The basic goals of all the endeavours made during the last decades in tissue engineering were to regenerate diseased, injured, or disordered tissues. Scaffolds take over the basic function to act as a kind of artificial template for tissue formation and must, therefore, be designed according to some important physiological requirements. Besides biocompatibility, biodegradability, stiffness and the underlying manufacturing technology, the scaffold architecture plays a crucial role in order to guarantee functional tissue regeneration.
Recent developments in the design of innovative biomaterials have been directed towards the use of materials that are equipped with real three-dimensional biointerfaces to mimic the natural situation for example within the extracellular matrix (ECM).
On this background a research programme entitled ''Design and monitoring of ECM-analogue biointerfaces for biomedicine and bioanalytics'' with the goal to develop appropriate manufacturing technologies able to structure synthetic and natural biomaterials on the micro-and nanoscale was initiated and carried out in Thuringia (Germany) between 2007 and 2010. Related contributions from the Institute for Bioprocessing and Analytical Measurement Technologies (iba)/Heiligenstadt and INNOVENT Technology Development/Jena are focussed to the development of twophoton-polymerisation (2PP) as a scalable manufacturing technology to provide three-dimensional biointerfaces. Aspects concerning materials development and processing technology were investigated that show the enormous potential and the excellent possibilies of 2PP.

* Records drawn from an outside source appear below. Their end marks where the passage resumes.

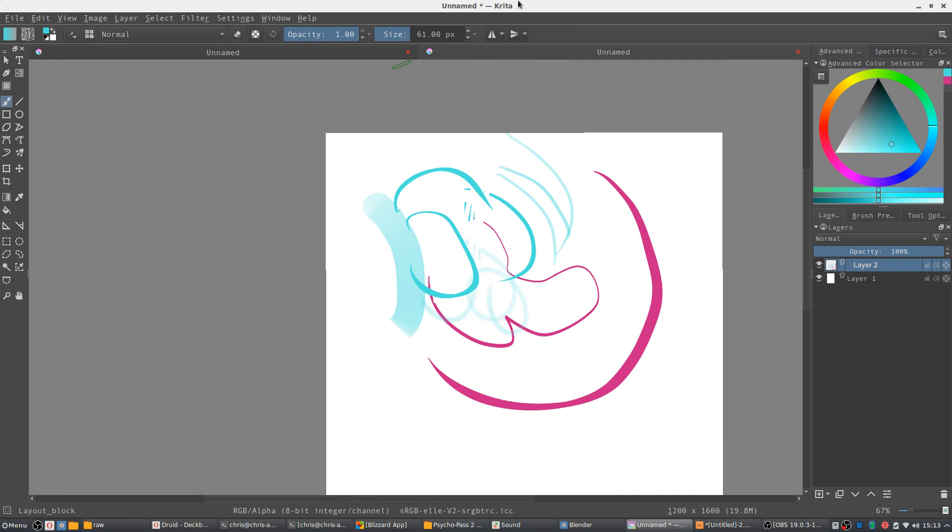But if you want to try doing digital art, I think Krita is going to be the one you want to go with. So with that said, I hope this has given you a decent comparison between the two applications. I've been Chris, thanks for watching, and I will see you guys in my future video content.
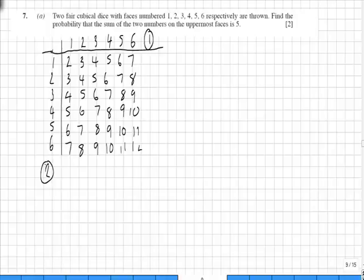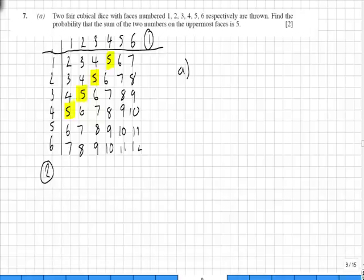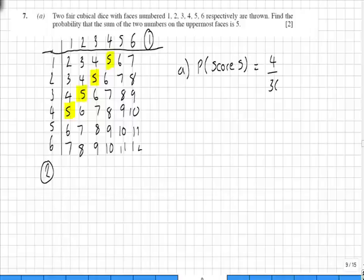As you can see in the grid, I've added all the corresponding scores. In answer to the scores being equal to 5, we can immediately see that that is 4 outcomes out of a possible 36. So therefore, the probability of a score of 5 is equal to 4 over 36.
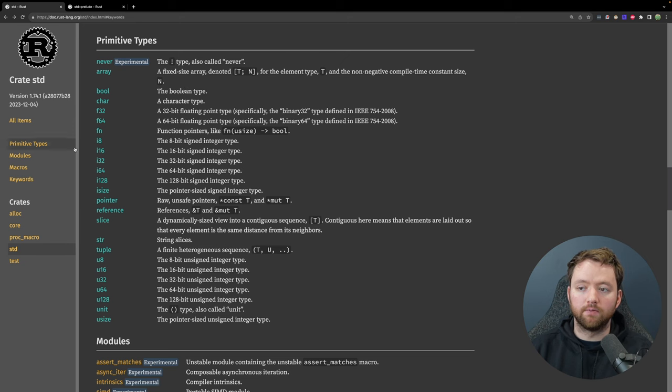You may have noticed there wasn't anything about an array in the collections list, but we know that's available to us. An array is actually known as a primitive, which is a little different from a struct. A struct is a custom type that uses primitive types. Think of primitives as the building blocks for all other types in Rust — they are the Lego pieces. It's important to be familiar with most of them, and you can find them in the standard library page.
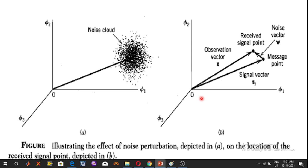We represent the received signal X(t) by a point in N-dimensional Euclidean space. This point is referred to as the received signal point, as shown in the figure. Here, small x is the observation vector, SI with suffix i is the signal vector (message point), and W is the noise vector.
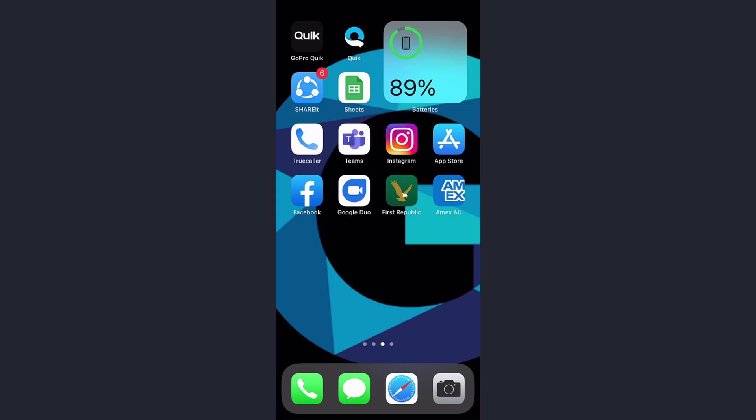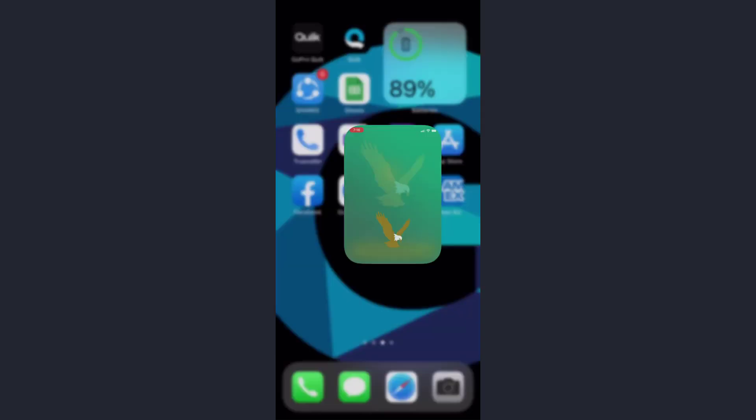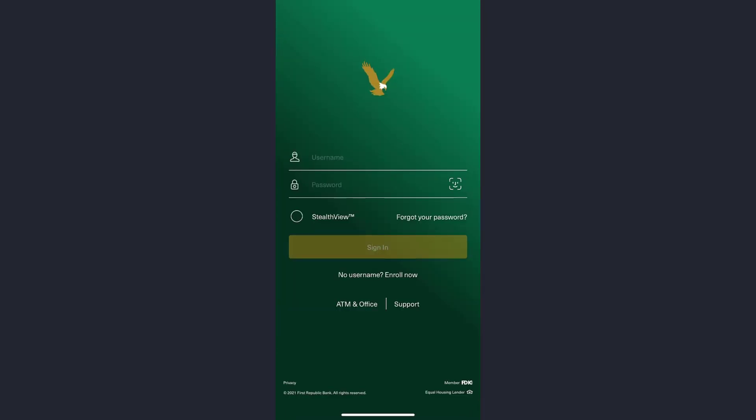Hey guys, welcome back to another tech tip and guide video. In today's video, I'll show you how you can enroll to First Republic Bank's online banking accounts through your mobile device. First of all, go to your Play Store or App Store and download the app called First Republic. Once it's downloaded, open it.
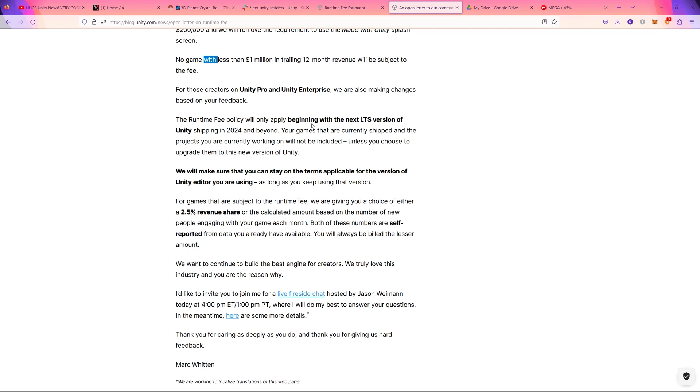So there are two conditions: the first condition is to use Unity 2023 LTS version, the second condition is releasing the new Unity 2024 LTS version. And also they promise that they will make sure that you can stay on the terms applicable for the version of Unity editor you are using as long as you keep using that version.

Alternative technological approaches were investigated by the Institute of Materials Science and Technology (IMT) at the Friedrich-Schiller-University Jena based on the Layer-by-Layer (LbL) deposition of polyelectrolytes combined with micro-contact printing (mCP) also to provide a three-dimensional template for tissue integration. This issue of Advanced Biomaterial presents some of the results of this research in the manuscripts by WeiΓ, Berg and Heurich.
All of these efforts are part of an integrated strategy toward the development of three-dimensional biointerfaces as one essential prerequisite to transfer tissue engineered products to clinical application in the near future.